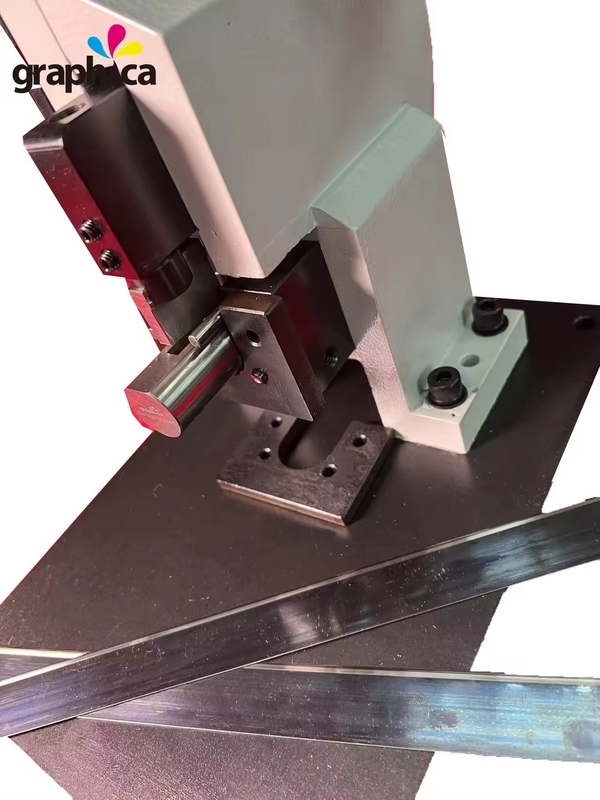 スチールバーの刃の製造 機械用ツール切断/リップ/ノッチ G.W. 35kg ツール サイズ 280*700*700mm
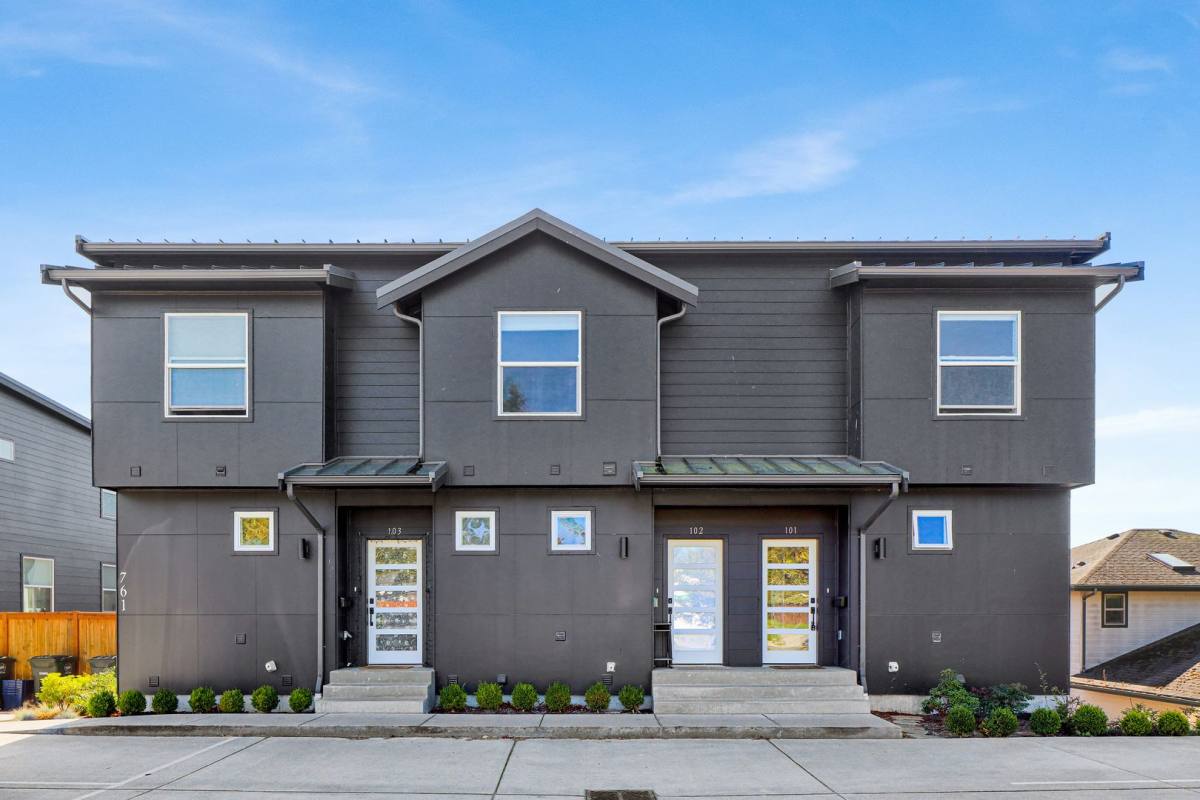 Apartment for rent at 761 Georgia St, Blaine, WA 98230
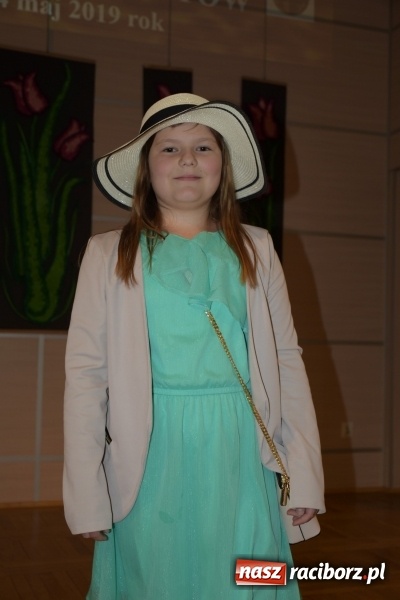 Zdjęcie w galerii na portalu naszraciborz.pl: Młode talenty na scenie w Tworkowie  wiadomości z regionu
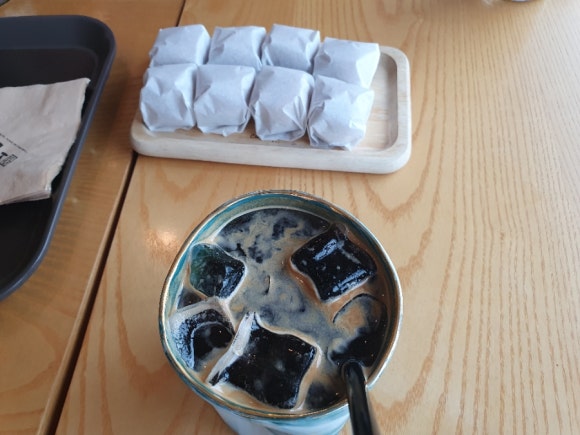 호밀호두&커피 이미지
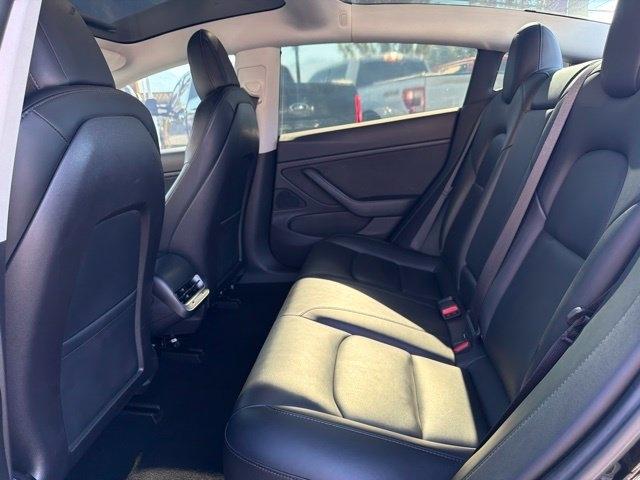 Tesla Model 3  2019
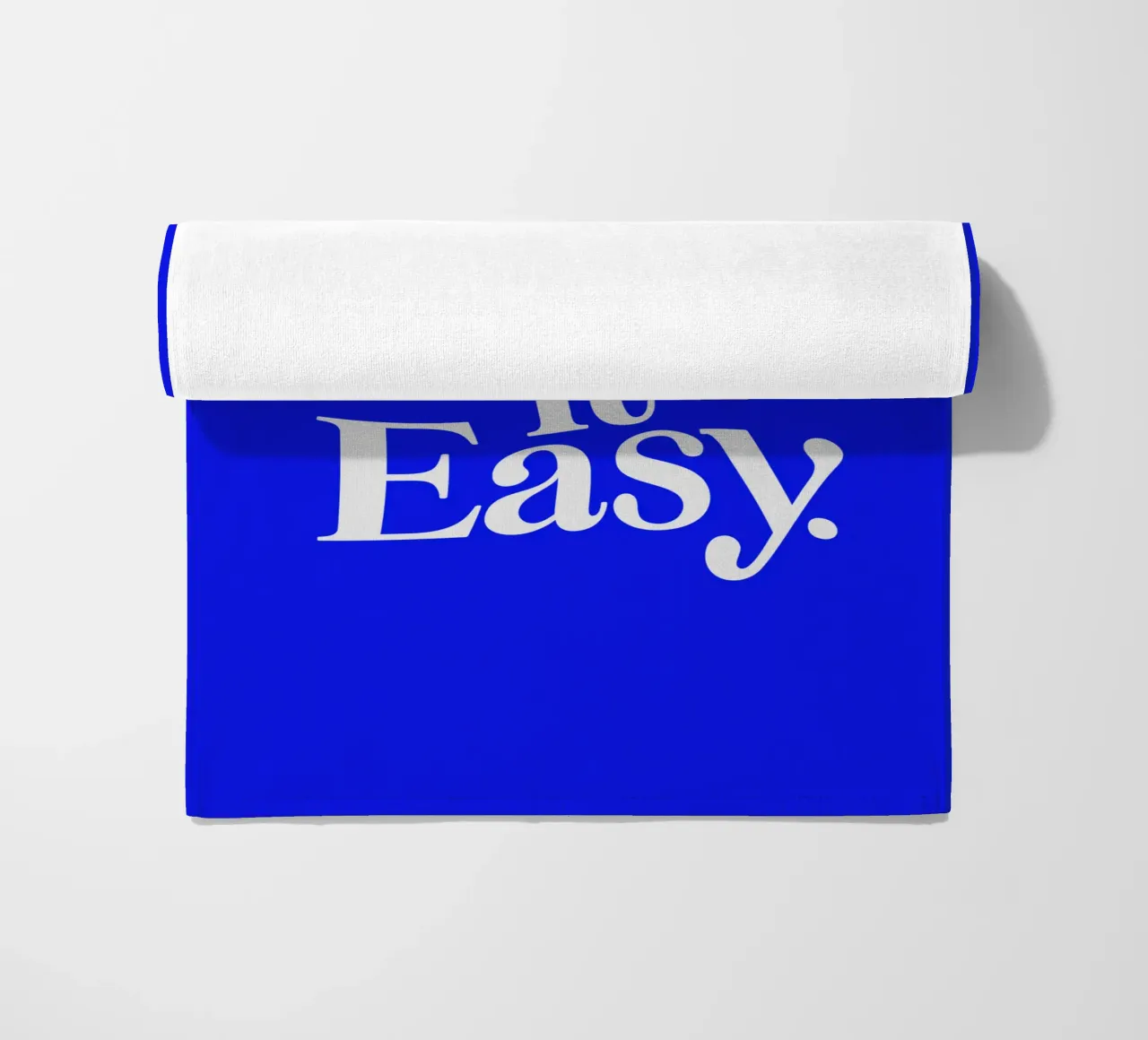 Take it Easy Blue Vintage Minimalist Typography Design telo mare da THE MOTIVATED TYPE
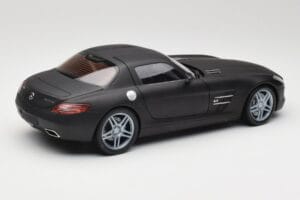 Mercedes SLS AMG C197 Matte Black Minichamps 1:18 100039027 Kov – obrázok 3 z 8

◆ INSTRUCTIONS FOR THE TASK ◆
Omit each image and transcribe the remaining records word for word.

◆ ANSWER TO THIS EXERCISE ◆
 スチールバーの刃の製造 機械用ツール切断/リップ/ノッチ G.W. 35kg ツール サイズ 280*700*700mm
 Apartment for rent at 761 Georgia St, Blaine, WA 98230
 Zdjęcie w galerii na portalu naszraciborz.pl: Młode talenty na scenie w Tworkowie  wiadomości z regionu
 호밀호두&커피 이미지
 Tesla Model 3  2019
 Take it Easy Blue Vintage Minimalist Typography Design telo mare da THE MOTIVATED TYPE
 Mercedes SLS AMG C197 Matte Black Minichamps 1:18 100039027 Kov – obrázok 3 z 8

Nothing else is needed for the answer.